▶ _Task description_
Print the lines that run from the line with "Italian Brass Bowl" to the line with "ZĽAVNENÉ • Na", keeping both end lines, exactly as they appear in the entries below, and nothing else.

▶ _Stored data_
——————————
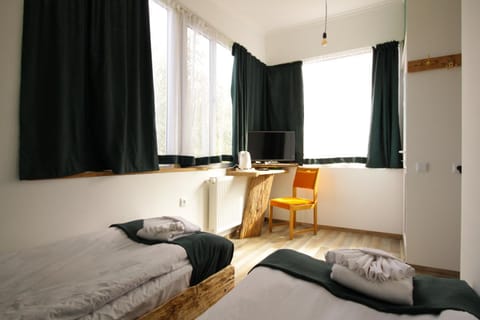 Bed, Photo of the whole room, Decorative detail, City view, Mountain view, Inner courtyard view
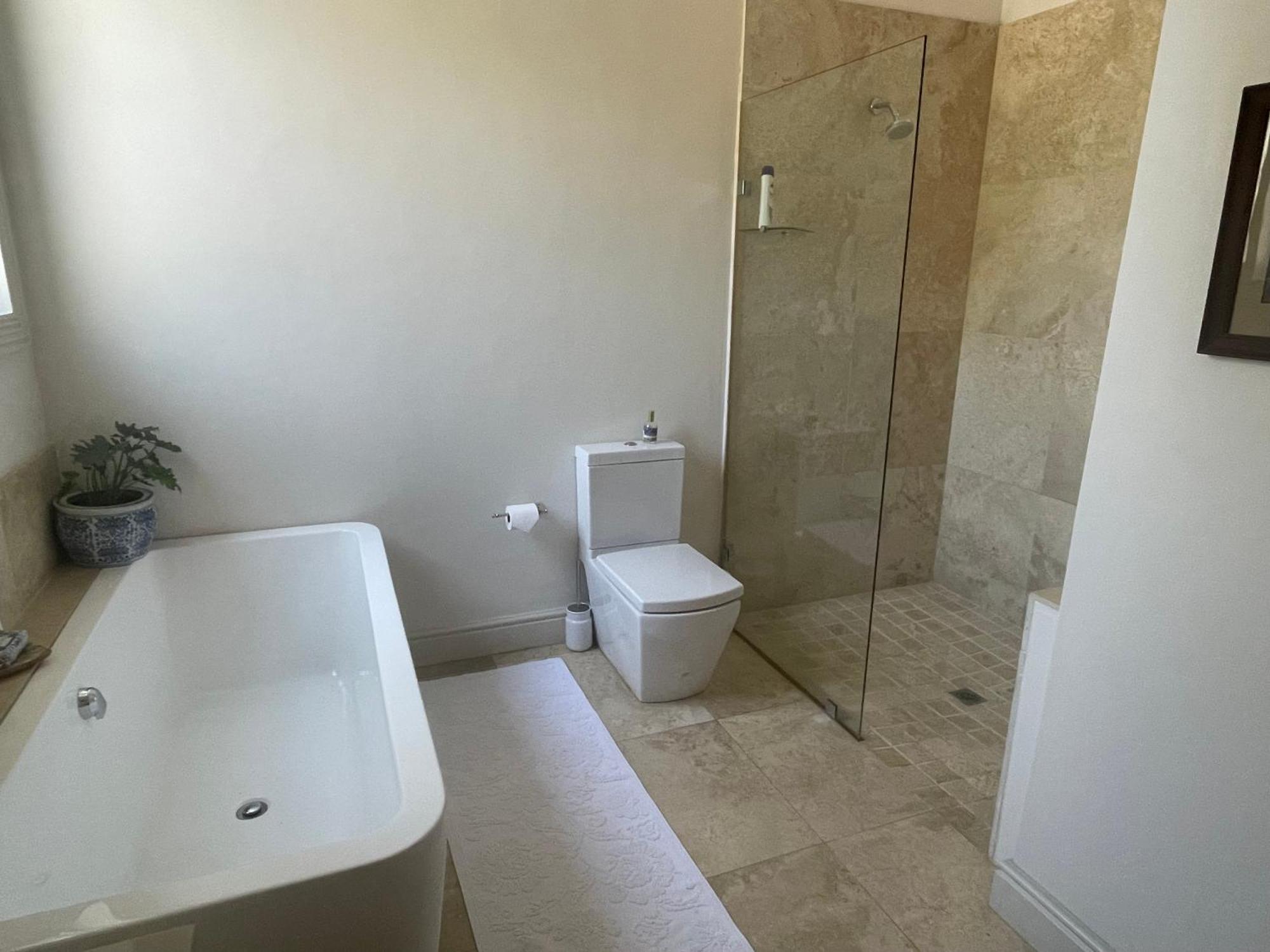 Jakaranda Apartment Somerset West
——————————
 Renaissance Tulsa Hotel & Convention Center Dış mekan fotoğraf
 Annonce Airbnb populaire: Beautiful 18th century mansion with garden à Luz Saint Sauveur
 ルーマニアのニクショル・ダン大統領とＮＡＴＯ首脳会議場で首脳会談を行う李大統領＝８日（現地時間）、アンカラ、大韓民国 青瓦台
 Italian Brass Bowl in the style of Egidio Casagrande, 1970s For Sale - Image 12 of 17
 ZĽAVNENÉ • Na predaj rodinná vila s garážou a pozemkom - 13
——————————
▶ _Answer space_
 Italian Brass Bowl in the style of Egidio Casagrande, 1970s For Sale - Image 12 of 17
 ZĽAVNENÉ • Na predaj rodinná vila s garážou a pozemkom - 13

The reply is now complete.